科学者ベタートンが行方不明になり、その妻オリーヴは飛行機事故にあってしまう。一方夫と別れ、子を亡くしたヒラリー・クレイヴンは自暴自棄になっていた。彼女はオリーヴに成りすましてベタートンの行方を探るという任務に就くことを承諾するが…という話。
みどころ
ストーリーが分かりやすく、とても読みやすいです。「茶色の服の男」や「秘密機関」といった初期の冒険スリラー物は、展開がごちゃついて読みにくいところもありましたが、「死への旅」はそんなことはありませんでした。

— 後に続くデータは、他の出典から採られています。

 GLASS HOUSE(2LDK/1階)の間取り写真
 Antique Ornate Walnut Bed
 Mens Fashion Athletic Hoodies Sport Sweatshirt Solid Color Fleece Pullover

ベタートンはどこに消えたのか? その場所に科学者が集められた目的は? 首謀者の正体とは? などの謎が後半で一気に明らかになります。そしてすべてが解決したかと思わせておいて、最後にもう一つ驚きが待っています。
この展開がクリスティーらしいサービス精神が感じられて、楽しさを覚えました。
登場人物について
アリスタイディーズが面白そうな人物に感じました。ですが
「茶色の服の男」のサー・ユースタス・ペドラーとキャラが被る上に、それよりもキャラが弱く感じました。

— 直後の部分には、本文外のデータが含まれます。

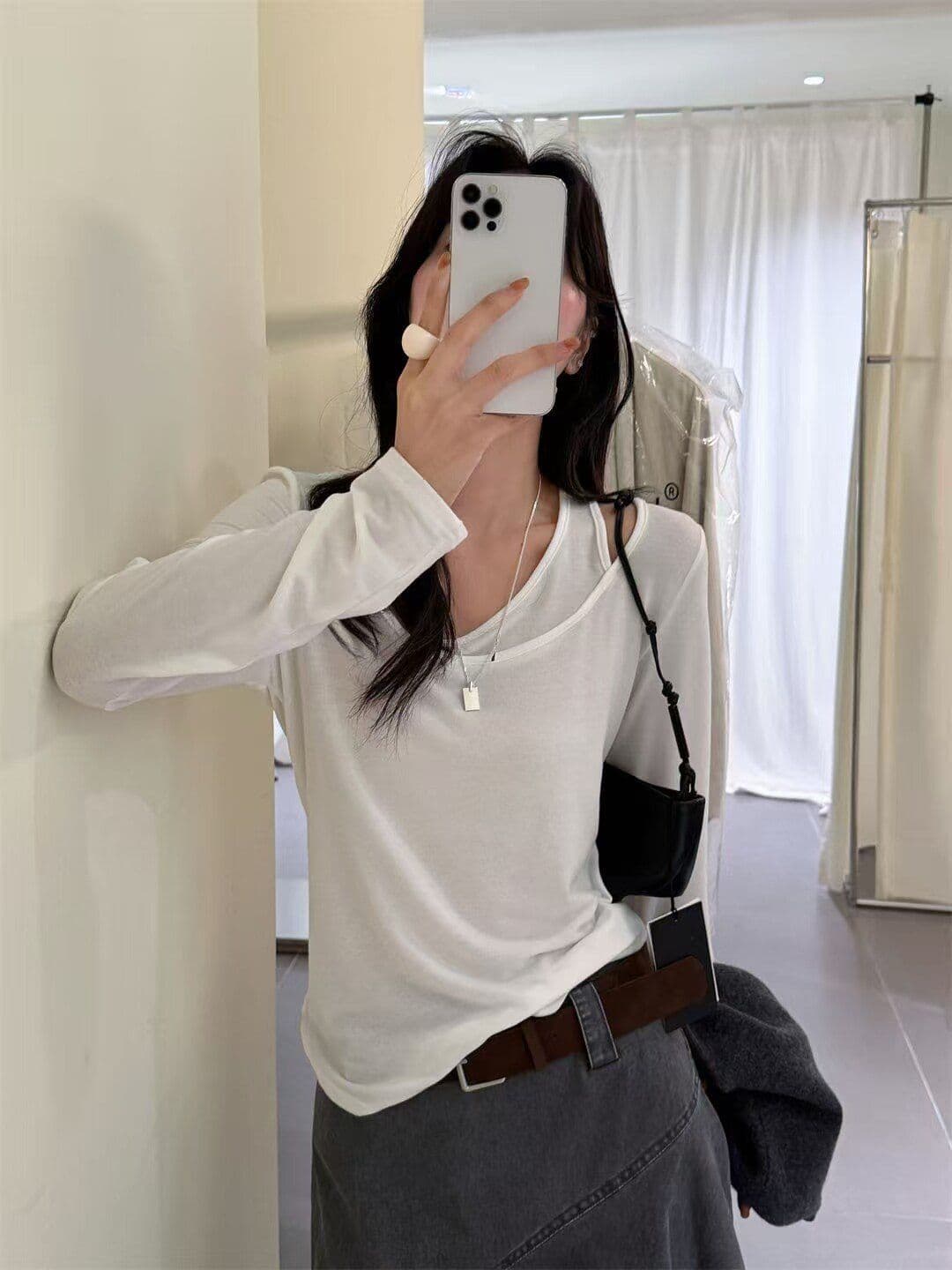220 그램 양모 40 접착제 27 면 27 아크릴 6 암모니아 Lun 페이크 레이어드 긴팔 티셔츠 여성 봄 가을 만나는 맨위 상세 이미지 3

全体的に登場人物のキャラが薄いので、その分読みやすいと言えば読みやすいです。
感想
決してつまらなかったというわけではなく、読んでいる途中はそれなりに面白く感じていました。最後の展開も驚きがありました。そして最後には、いつものクリスティーらしいほっこりとしたエピローグがあります。
「茶色の服の男」や「秘密機関」と比べて話のまとまりは良く、とても読みやすかったです。でも不思議なことに、すべて読み終わって振り返ると、心に残るものがあまりないんですよね。登場人物のキャラが薄いのが原因でしょうかね。